*** Begin section ***

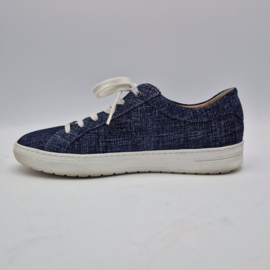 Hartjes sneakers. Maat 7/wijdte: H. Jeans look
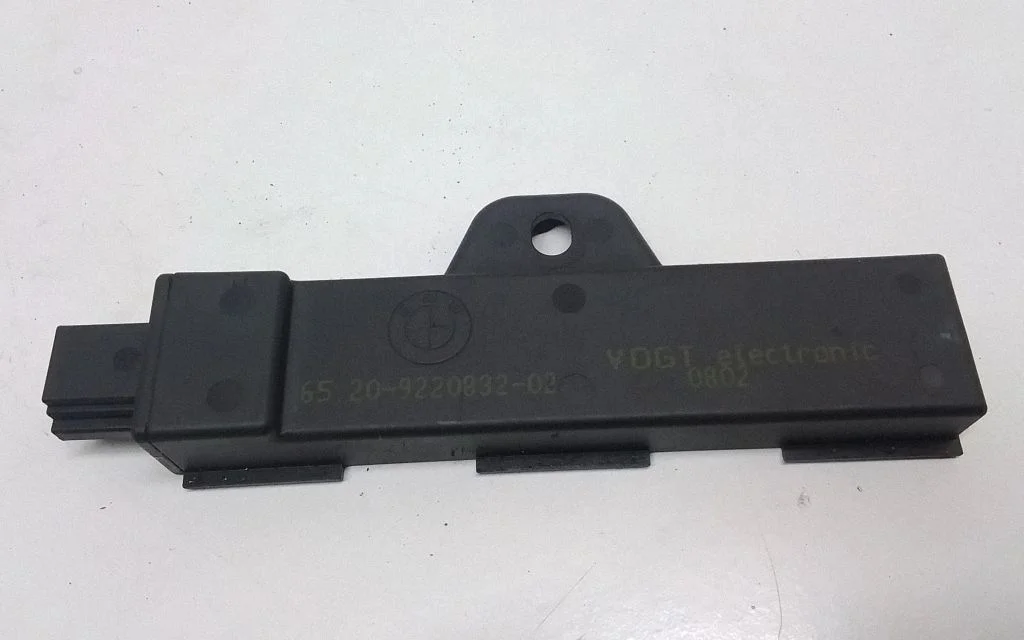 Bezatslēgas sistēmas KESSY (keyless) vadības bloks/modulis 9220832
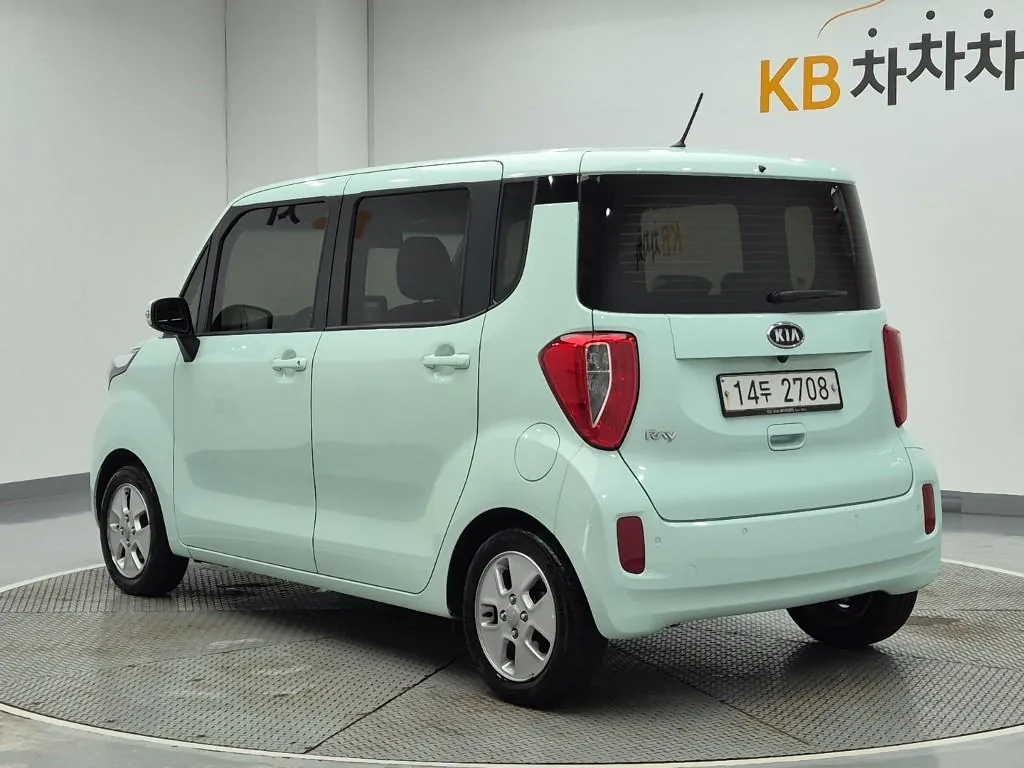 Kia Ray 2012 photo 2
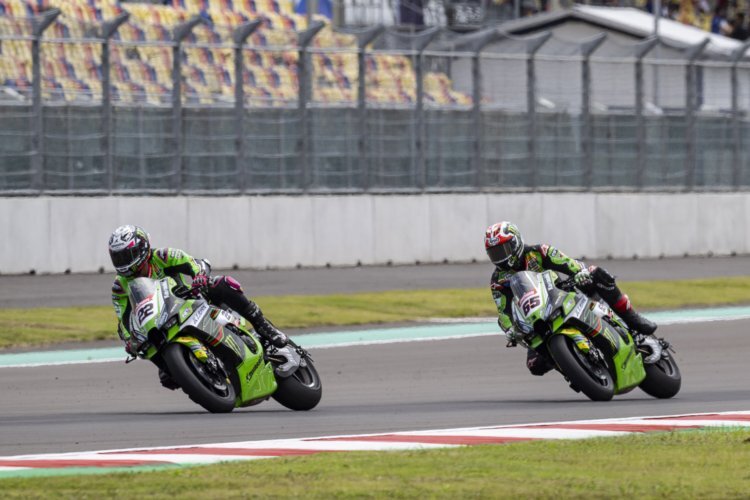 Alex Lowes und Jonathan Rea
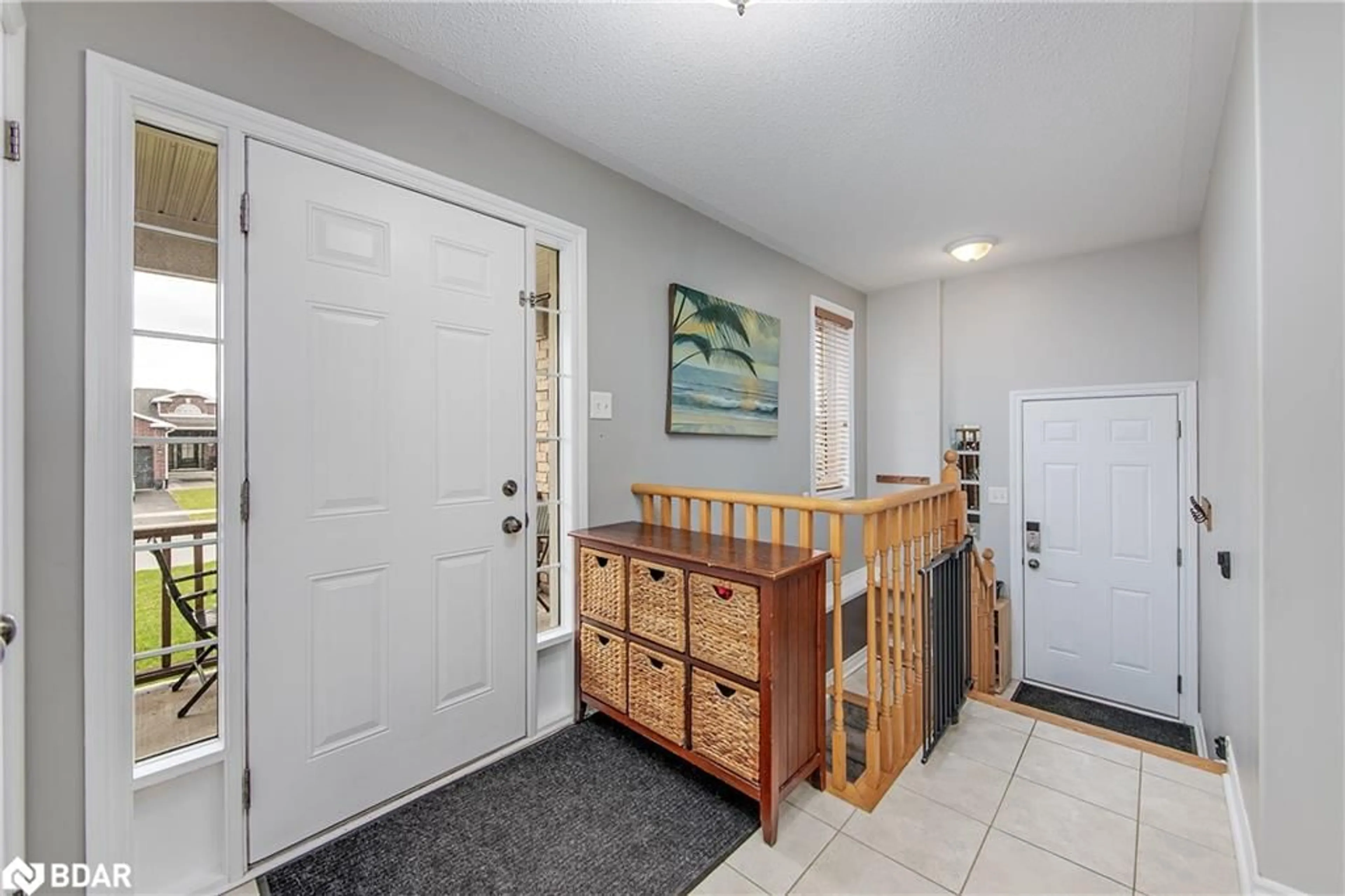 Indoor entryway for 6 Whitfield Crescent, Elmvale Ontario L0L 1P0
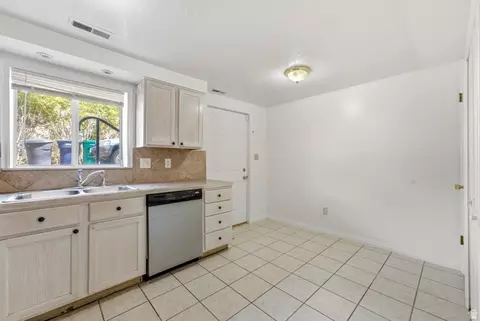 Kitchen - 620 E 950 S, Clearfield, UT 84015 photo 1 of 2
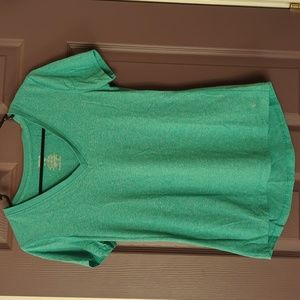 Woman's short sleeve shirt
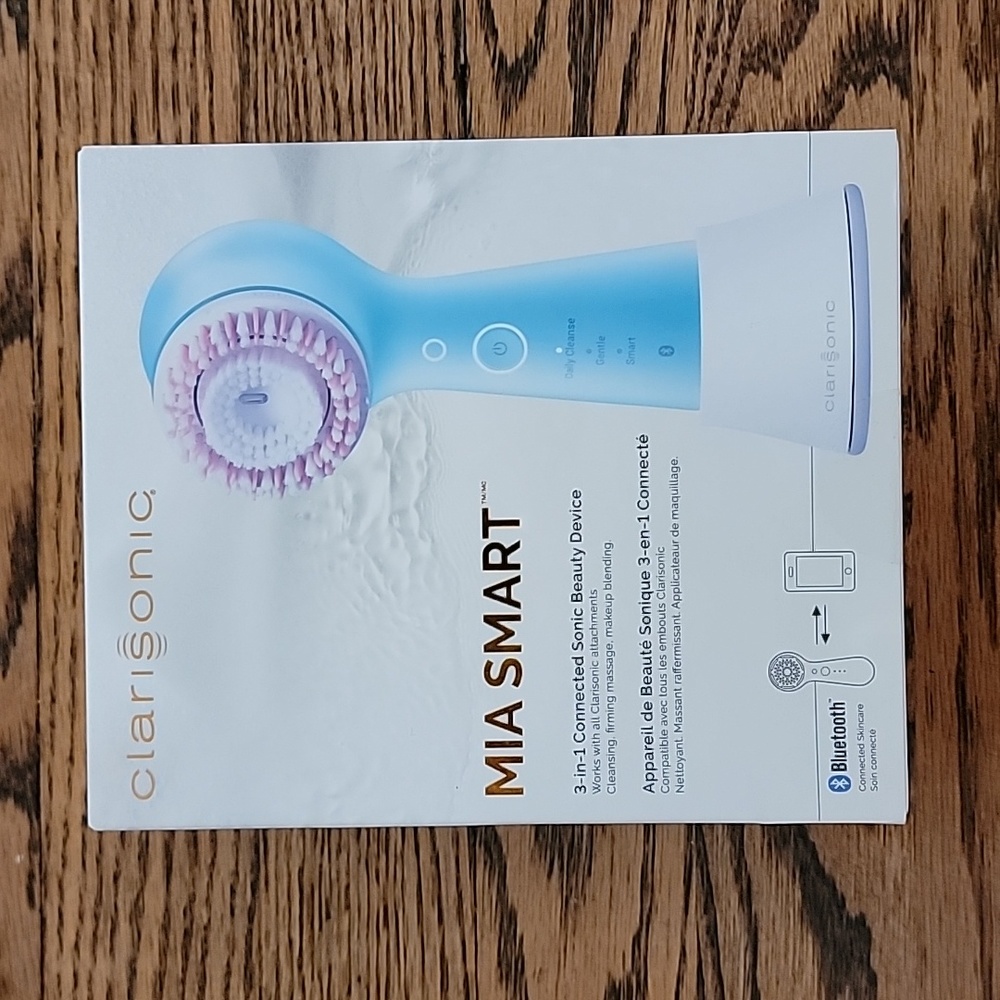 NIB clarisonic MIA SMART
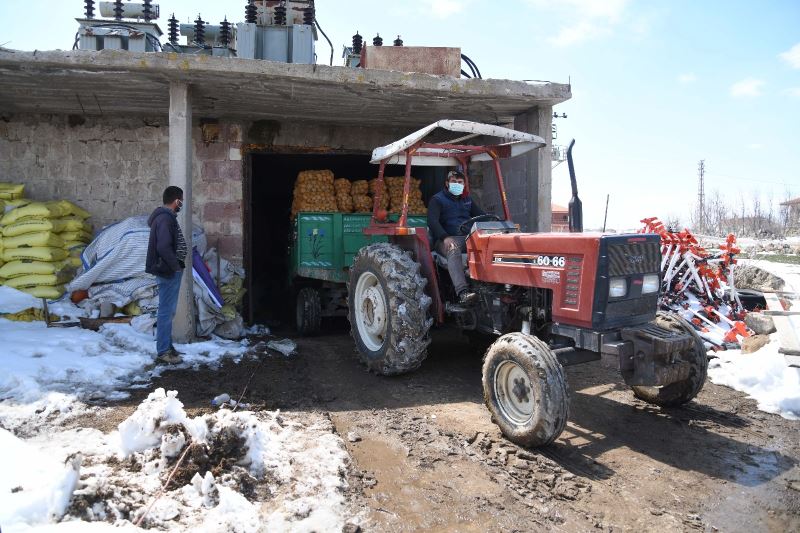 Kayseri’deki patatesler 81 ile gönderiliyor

*** End section ***

REQUIRED WORK » Copy the records above exactly, from the first line through the line containing "Indoor entryway for", and leave out the pictures.

SOLUTION TO THE PROBLEM »
 Hartjes sneakers. Maat 7/wijdte: H. Jeans look
 Bezatslēgas sistēmas KESSY (keyless) vadības bloks/modulis 9220832
 Kia Ray 2012 photo 2
 Alex Lowes und Jonathan Rea
 Indoor entryway for 6 Whitfield Crescent, Elmvale Ontario L0L 1P0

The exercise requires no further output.